L’autore ha realizzato il suo sogno di una vita: tiene tra le mani il suo libro autopubblicato. Ma prima di tuffarsi a capofitto nell’autopubblicazione, è saggio leggere le clausole scritte in caratteri così piccoli, che servirebbe una lente di ingrandimento da 300x per capire cosa si sta davvero firmando. Perché dietro ogni sogno spesso si nasconde un contratto che ti incatena a un’illusione in più.
Il vero film
La scena successiva sembra uscita da un film porno a basso costo, in cui capisci all’improvviso che non sei la star – sei tutta la troupe cinematografica. Il tuo libro giace sepolto a pagina 1000 di qualche catalogo online, perso tra titoli dimenticati. Anche dopo aver cercato con quelle “parole chiave” che ti avevano garantito funzionassero, rimane invisibile – come un fantasma della tua stessa creazione.
L’offesa
E questo, a quanto pare, non è nemmeno il peggio. La vera offesa arriva quando cominci a mandare e-mail su e-mail, chiedendo perché devi scrivere per intero il titolo del libro come se fosse una formula magica per trovarlo – e ricevi una risposta fredda e aziendale:
“È responsabilità dell’autore rendere il proprio libro popolare sui social media.”
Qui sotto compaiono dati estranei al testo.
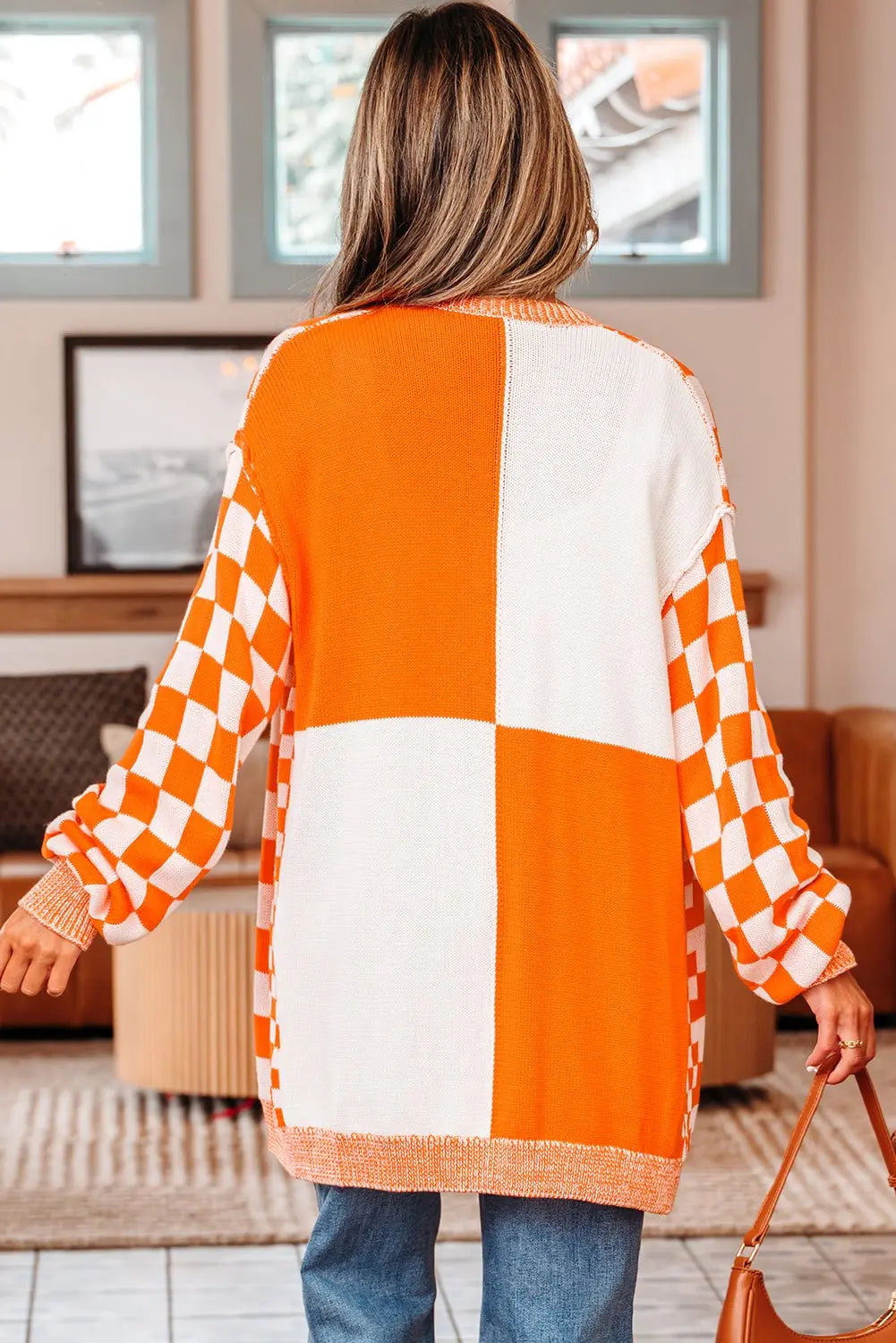 Orange Checkered Open Front Drop Shoulder Cardigan - Urban Elegance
Chiaro: tu sei il reparto marketing, il venditore e la star dello show, solo che sei senza stipendio.
La domanda
E allora, in un momento di silenziosa consapevolezza, arriva la domanda:
“Ma… perché sono con voi? Se sono io il regista, qual è allora il vostro ruolo?”
Lo spogliarello delle speranze
Da lì inizia lo spogliarello quotidiano delle speranze: lento, doloroso e totalmente inefficace. E-mail con offerte di “corsi online” che promettono di rendere il tuo libro “visibile.” Proposte di pubblicità aggiuntiva – vaghe come un flirt da ubriaco alle tre di notte. E promesse assurde che il tuo libro diventerà un bestseller e presto raggiungerà le vette di “Harry Potter.”
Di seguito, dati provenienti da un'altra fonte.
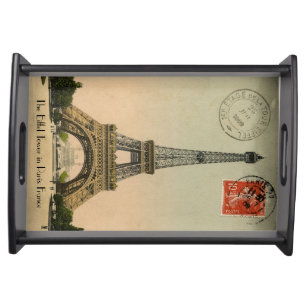 Postkarte Vintag Paris Eiffelturm Tablett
E sì, ovviamente, tutto questo ha un costo: i tuoi ultimi pochi – o tanti – soldi.
La strada a pagamento verso l’illusione
Il povero autore, spinto dal desiderio di realizzare il suo sogno, infila la mano in una tasca sempre più vuota e paga. Paga per essere sepolto ancora più in profondità sotto una montagna di pubblicità, corsi infiniti e “raccomandazioni” di persone il cui scopo principale è incassare un altro assegno.
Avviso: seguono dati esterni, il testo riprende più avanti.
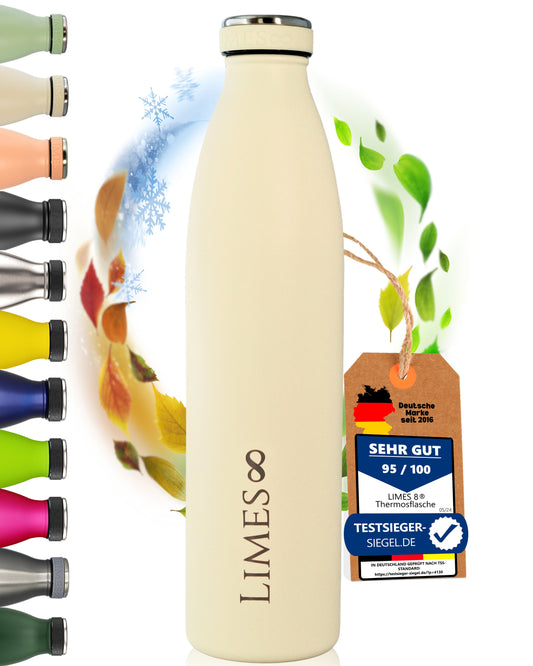 Limes 8® Thermosflasche 1L "FourSeasons" [HEIß & KALT] Trinkflasche Edelstahl 1L - Auslaufsichere Trinkflasche 1L Kohlensäure geeignet - Isolierkanne - Thermo Trinkflasche für alle 4 Jahreszeiten Cream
Spera segretamente che un giorno si svegli e veda fuori dalla finestra insegne al neon con il suo nome. Ma spesso la luce arriva dai cartelloni pubblicitari degli altri nomi affermati.
La mafia letteraria e la strada dura
Questo è uno dei metodi che ogni scrittore prova. Perché nella mafia letteraria, dove tutto gira intorno ai nomi affermati, è difficile che qualcuno noti i tuoi scritti. Se non sei “qualcuno,” se non sei diverso, se non hai un genere indefinito, se non hai mai giocato a golf con qualcuno che possiede una Ferrari rossa, non hai alcuna possibilità.
Sì, è così semplice. E mi dispiace essere così schietta.
I mulini a vento di Don Chisciotte
Inviare migliaia di manoscritti agli agenti è come combattere i mulini a vento di Don Chisciotte. Non aprono nemmeno la tua lettera perché il tuo nome non significa nulla per loro. Non è sussurrato, non è raccomandato e – peggio di tutto – non è loro.
Quindi decidi di fare tutto da solo – produttore, regista, sceneggiatore e attore in un colpo solo. Perché almeno così hai il pieno controllo sul tuo fallimento.
Conclusione
Alla fine, ti ritrovi solo con il tuo libro: senza fan, senza fenomeni, con il portafoglio vuoto e le speranze esaurite. Non perché le tue parole non valgano, ma perché il mondo ha voltato le spalle ai piccoli sogni, lasciandoli a lottare soli nel buio. Se non sei “qualcuno,” diverso, con un’identità misteriosa o contatti nei circoli affermati, sei solo un altro outsider nella mafia letteraria.
Mentre rovisti nelle tue tasche vuote, gli editori hanno già inventato come venderti un’altra illusione sotto forma di offerta, e lo fanno con un sorriso.
Conclusione
O più semplicemente: se vuoi che il mondo veda la tua opera, preparati a fare il film da solo. Il prezzo? I tuoi ultimi soldi e molte delle tue speranze.
E nel frattempo – un brindisi a chi ama le illusioni.